The statement prompted Sen. Majority Leader Martin Looney, D-New Haven, to ask Keane about why the industry isn’t investing more time in energy in “smart guns.”
A smart gun is a gun that uses biometric technology to ensure it can be fired only by its owner or other authorized user.
Keane said he can’t necessarily answer that question, but claims that the industry isn’t interested in its development are “not true.”
He said the industry is still struggling with perfecting the technology, most of which relies heavily on batteries. Then when the battery dies, does the gun default to working as a regular gun or does it default to inoperable? He said the industry hasn’t figured out an answer to that question yet.
Keane said that if they have the gun for self-protection and the gun doesn’t function during a break-in, then that’s a problem.
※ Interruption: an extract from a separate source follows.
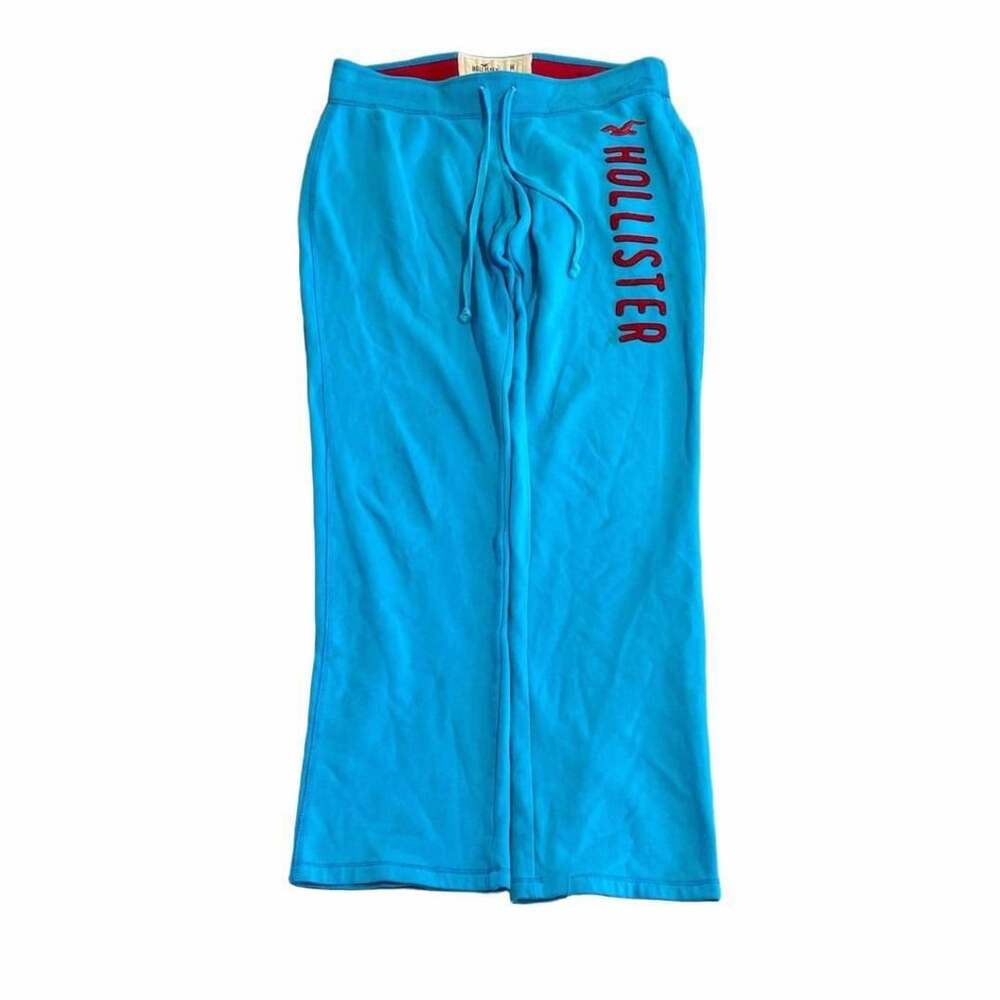 Hollister Sweatpants Size M Blue Red Logo Drawstring Y2K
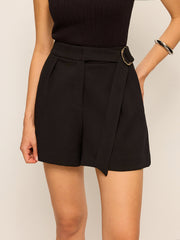 Mid-Waisted Shorts with Metal Buckle Detail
He said it’s also a problem if the owner of the smart gun thinks they can leave the gun loaded because no one else can use it. He said traditional firearm safety dictates that the gun be stored unloaded with the ammunition kept in another location.
“That runs counter to traditional firearm safety training,” Keane said.
Looney asked whether the gun manufacturer could held liable if a smart gun was brought to market and used to accidentally shoot a minor.
Keane said there’s potential liability exposure to the manufacturer in that case.
He said New Jersey tried to adopt a law that would require smart gun technology be incorporated into all handguns sold in the state once they are widely available.
A Connecticut Office of Legislative Research report on smart guns says that 23 months after the New Jersey Attorney General finds smart guns are available for retail sale, then the attorney general must report on the number of such guns every six months.
Keane said they fought the New Jersey legislation because it means whoever is first to market with the smart gun technology will have a government-sponsored monopoly.
Keane and the gun manufacturers also tried to make an economic argument to the gun task force to think long and hard about proposals restricting access to guns.
There are about a dozen gun and ammunition manufacturers in the state who employ 2,899 Connecticut residents, according to a NSSF pamphlet.
“We recognize that this is a very emotionally charged public policy debate,” Keane said.
He appreciates that Connecticut lawmakers are being deliberative and taking their time, unlike lawmakers in New York who passed tougher gun control legislation a month after the shooting at an elementary school in Connecticut.
The legislature’s gun task force, along with the school security and mental health task force, will be looking to compile a package of legislation in response to the Newtown school shooting before the end of the month.